The Warehouse Group currently offers a robust Team Member Assistance Programme through OCP, including free counselling sessions with a qualified counsellor for a variety of issues. We also are continuing to provide team member assistance programmes for people who need help now whether it’s work related or not, and also offer the opportunity to take leave to support family members or colleagues experiencing mental distress.
Wellbeing also involves feeling safe and supported, which is why we offer discretionary sick leave for our team members. We have been acknowledged for our efforts to reduce family violence and were a key supporter of the Government’s Family Violence Victims’ Protection Bill. We were also the first organisation in New Zealand to become White Ribbon accredited in 2017.
In July, we’ll be launching an app supported by Sir John Kirwan’s company Mementia which will support wellbeing learning of all team members who download it. This app will enable our team to seek out tips and help to address wellbeing issues, with an initial focus on how to change your own mindset when dealing with anxiety, and how to cope with change in your professional and personal life.
Over the last few years, we’ve proudly rolled out programmes to better the physical health of our team members and their families. Initiatives like the smoking cessation programme have made tangible differences in the lives of our team members.

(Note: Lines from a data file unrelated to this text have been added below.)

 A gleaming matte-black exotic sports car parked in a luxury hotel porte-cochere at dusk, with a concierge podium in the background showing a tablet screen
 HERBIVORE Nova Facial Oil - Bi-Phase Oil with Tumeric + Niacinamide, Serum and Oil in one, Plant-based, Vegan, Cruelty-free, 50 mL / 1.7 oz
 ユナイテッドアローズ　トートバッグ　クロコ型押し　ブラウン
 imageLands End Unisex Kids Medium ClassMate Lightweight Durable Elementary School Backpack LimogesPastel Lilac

We’re constantly evolving the programmes we offer relating to physical wellbeing to ensure we’re staying ahead of the curve. Torpedo7 Club’s partnership with Got to Get Out is a prime example of this.

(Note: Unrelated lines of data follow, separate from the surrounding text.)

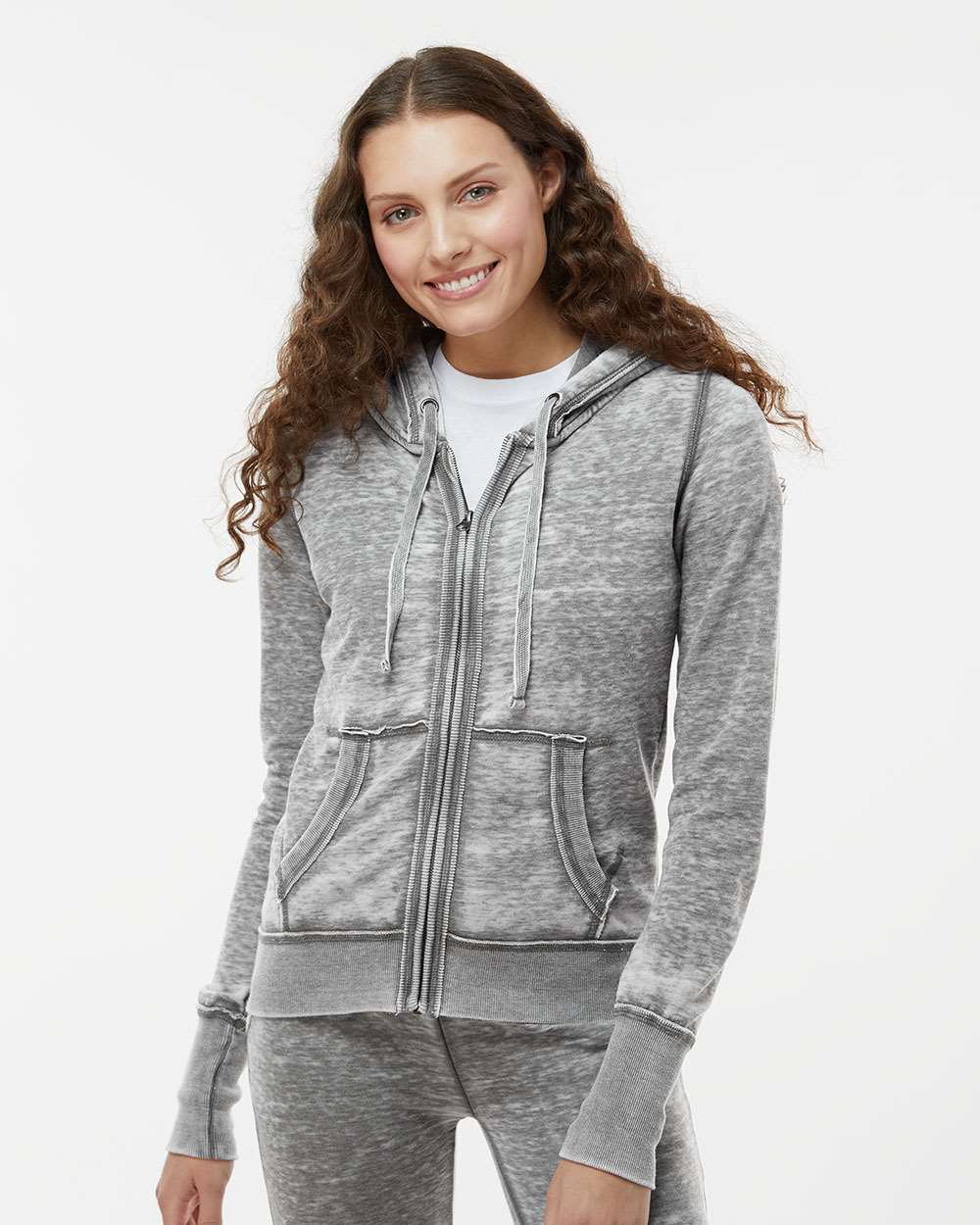 J. America-8913-Women's Zen Fleece Full-Zip Hooded Sweatshirt - Image 4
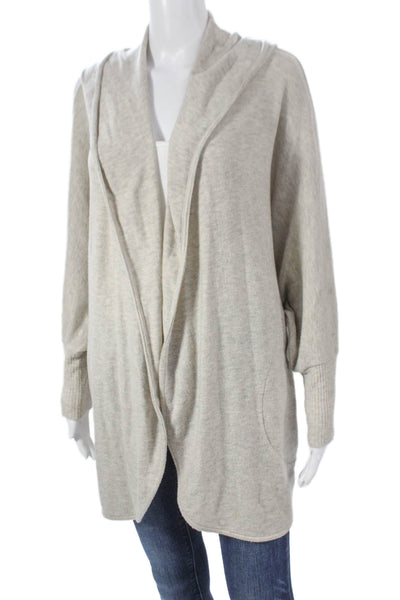 Beautiful People Women Tencel V-Neck Long Sleeve Cardigan Gray Petite Size XS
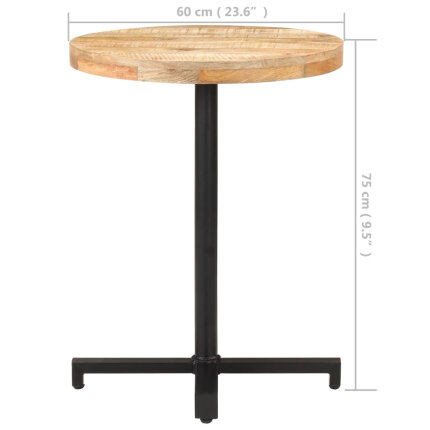 Table de bistro Style Industriel ronde en bois de manguier brut Ø 60 x 75 cm {attributes}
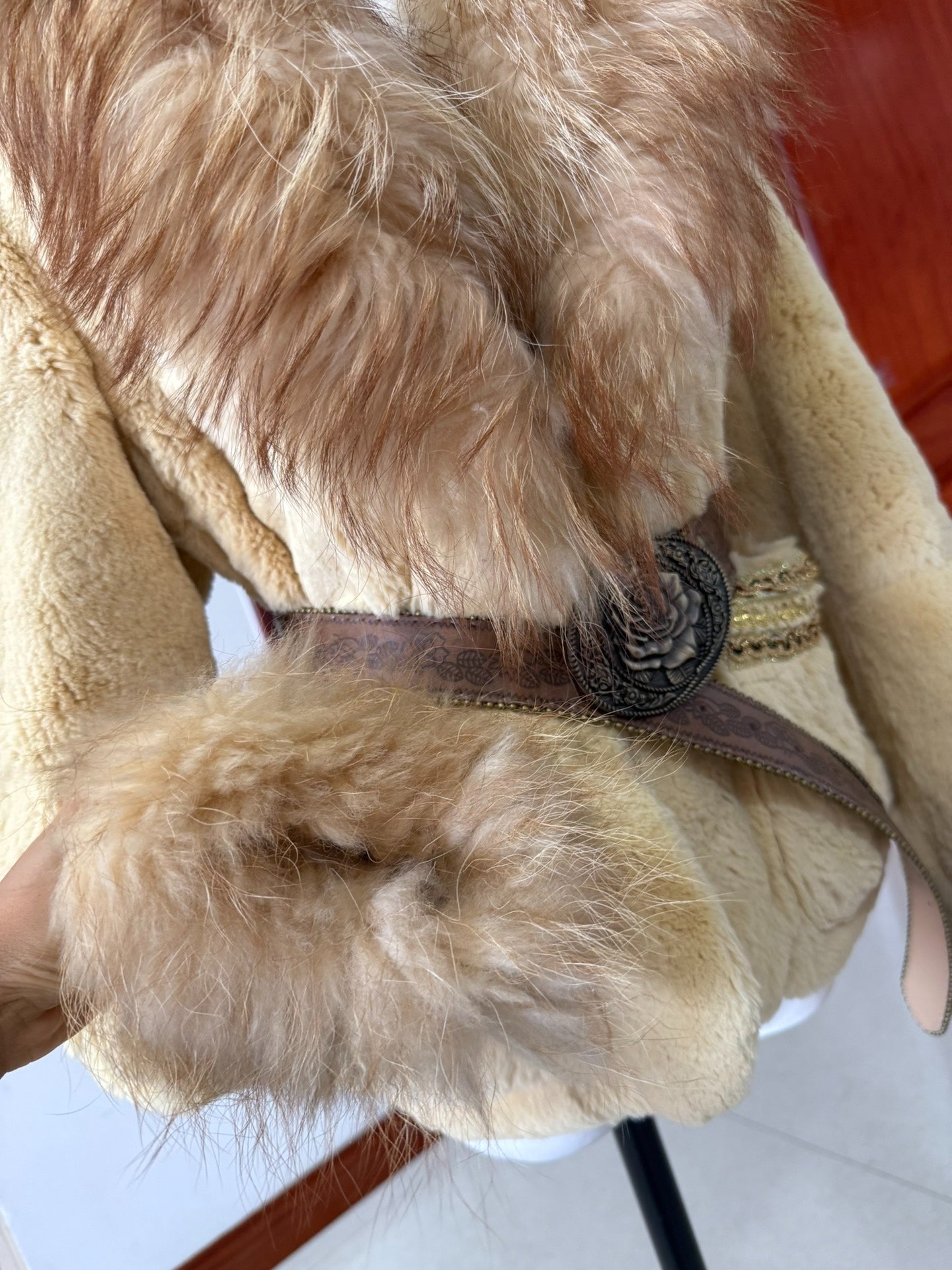 Vintage beige rabbit fur coat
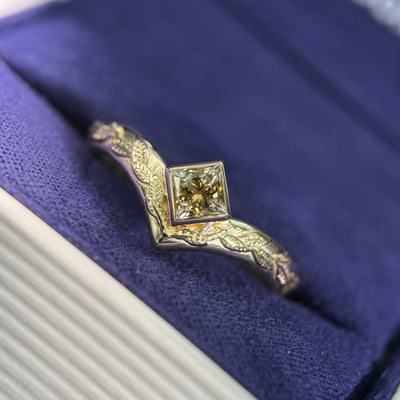 14k Yellow Gold and Bezel-low-set 4.5mm Custom-grown Princess-cut Champagne Lab Diamond on 1/2 way around Leaves Engraved 2.5mm Band Custom Ring, size 6.5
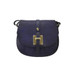 Pratesi Italian Leather Cross Body Satchel Shoulder Bag Dark Blue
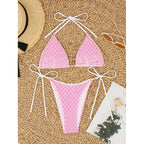 Swimsuit Women Three Point Bikini Sexy Lace Lace up Split Retro Swimsuit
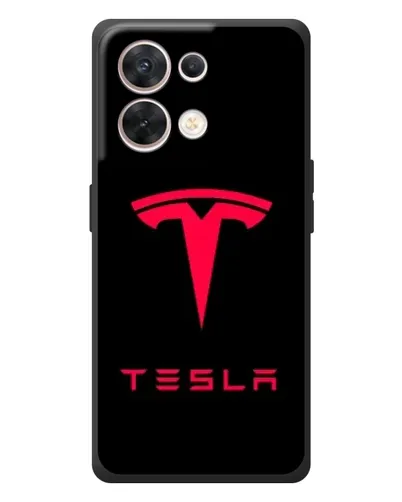 Чехол для OPPO Reno 8 5G с картинкой «Tesla Red Logo»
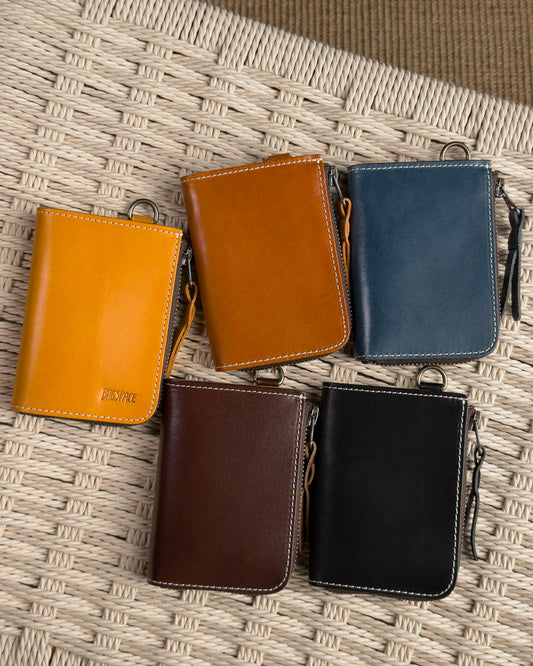 กระเป๋าสตางค์สั้นซิป หนังฟอกฝาดแท้ สี Classic Brown ของขวัญองค์กรปั๊มโลโก้ได้ Bagspace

The partnership, announced earlier this year, builds on our Here for Good approach by inspiring team members and our customers to get outside and explore something new. From snowboarding sessions to group hikes, the outdoor experience club has events for people of every level of fitness and a variety of interests from Torpedo7 store locations around the country.

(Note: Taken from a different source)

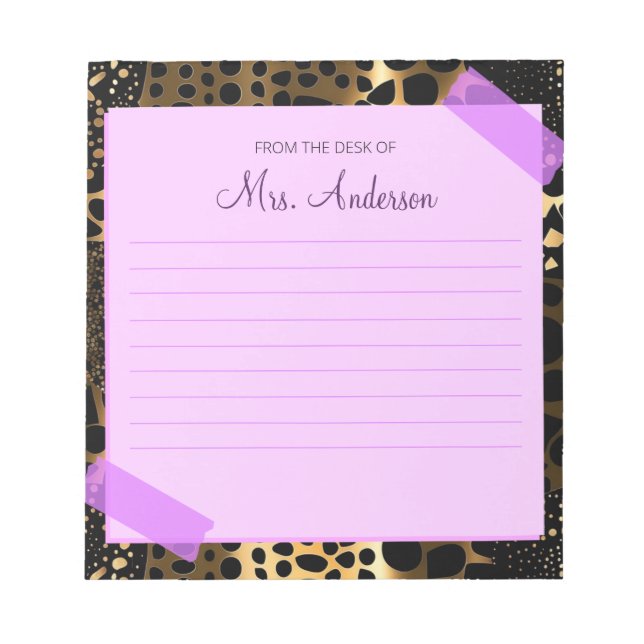 Bloco De Notas Bonita Roxa Bonita Da Mesa Do Professor (Frente)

Our lifestyle leave policy also supports mental health and enables our team to purchase five to ten days additional leave a year to pursue personal interests and passions.
Wellbeing and the community
We acknowledge that there are many different opportunities and solutions within the physical and mental wellbeing spaces, and that what’s right for one team member or group of team members might not necessarily be right for another. That’s why we’re continually looking to support the things that can have the biggest effect on the largest populations of our ethnically and geographically diverse team.
To help us understand the needs across the organisation, we are establishing a reference group made up of team members who can serve as mental wellbeing and resilience sounding board. These people will enable us to bounce ideas off them, gain valuable feedback on how we’re going with our programmes and provide insights into what our team members truly need.
Financial wellbeing plays just as big a role in overall wellbeing as the mental and physical areas. With this in mind, we look to provide more proactive solutions for our team.
Currently we offer discretionary leave for cases of sickness which can help alleviate financial stress during a time of need. We also offer our team members access to discounted health insurance through Southern Cross Health Society, which is an important step in protecting our team members and their immediate family against the costs of unexpected medical expenses.
Through OCP we offer the ability for people to access help in budgeting and managing their finances, as well as discovering which Government programmes or subsidies might be right for their situation.
Team members are also provided with a team card to enable discounts at our major brands, which helps to further enable our team to purchase products which drive their personal wellbeing journey; e.g. buying some outdoor gear at Torpedo7 to get active and socialise with friends.
The role of company culture
Part of feeling well and having resilience is having a sense of belonging and being supported.
Our policies and processes provide the options people can take within each wellbeing category to receive support, but to many, it’s our culture that creates a sense of belonging, whānau, friendship and ultimately, the desire to look after and help each other.
“There’s a lot that’s already being done across not only the organisation, but across the country as well to address these issues on a national and local scale. The key is to find where the gaps are so we can better serve our team and their communities,” says Johnson. “We have an exciting role to play in closing those gaps and beingthe change we want to see for New Zealand.”